Records provided -
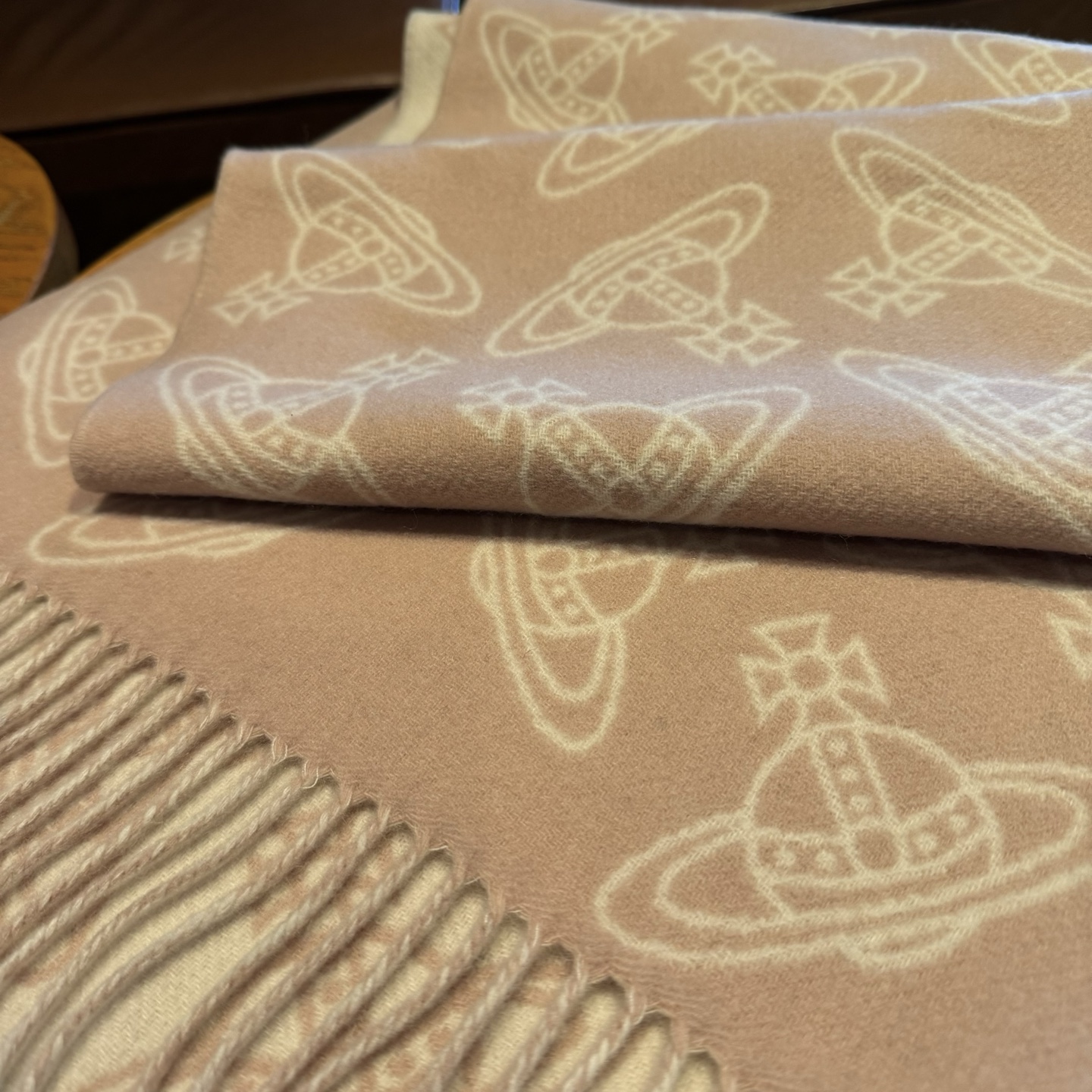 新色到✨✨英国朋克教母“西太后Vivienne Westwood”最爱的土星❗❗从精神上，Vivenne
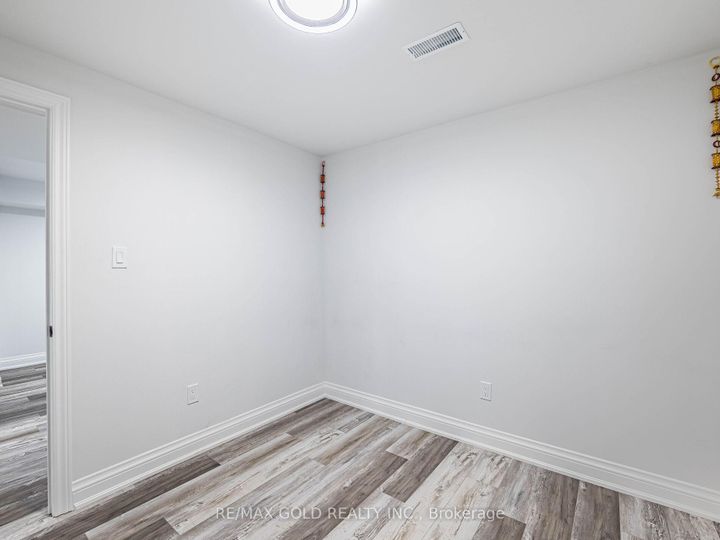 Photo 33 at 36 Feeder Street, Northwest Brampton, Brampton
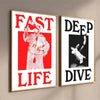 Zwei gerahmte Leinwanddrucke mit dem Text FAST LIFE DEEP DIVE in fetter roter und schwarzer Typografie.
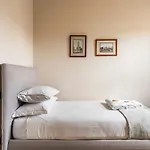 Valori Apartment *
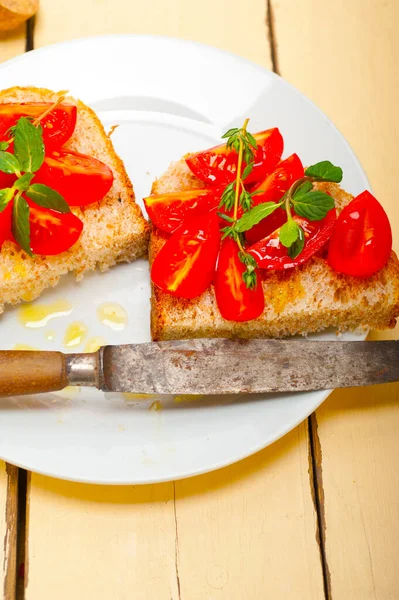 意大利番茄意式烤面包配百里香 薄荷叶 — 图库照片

Work task -
I'd like every record transcribed exactly, with no pictures carried over.

Result for this exercise -
 新色到✨✨英国朋克教母“西太后Vivienne Westwood”最爱的土星❗❗从精神上，Vivenne
 Photo 33 at 36 Feeder Street, Northwest Brampton, Brampton
 Zwei gerahmte Leinwanddrucke mit dem Text FAST LIFE DEEP DIVE in fetter roter und schwarzer Typografie.
 Valori Apartment *
 意大利番茄意式烤面包配百里香 薄荷叶 — 图库照片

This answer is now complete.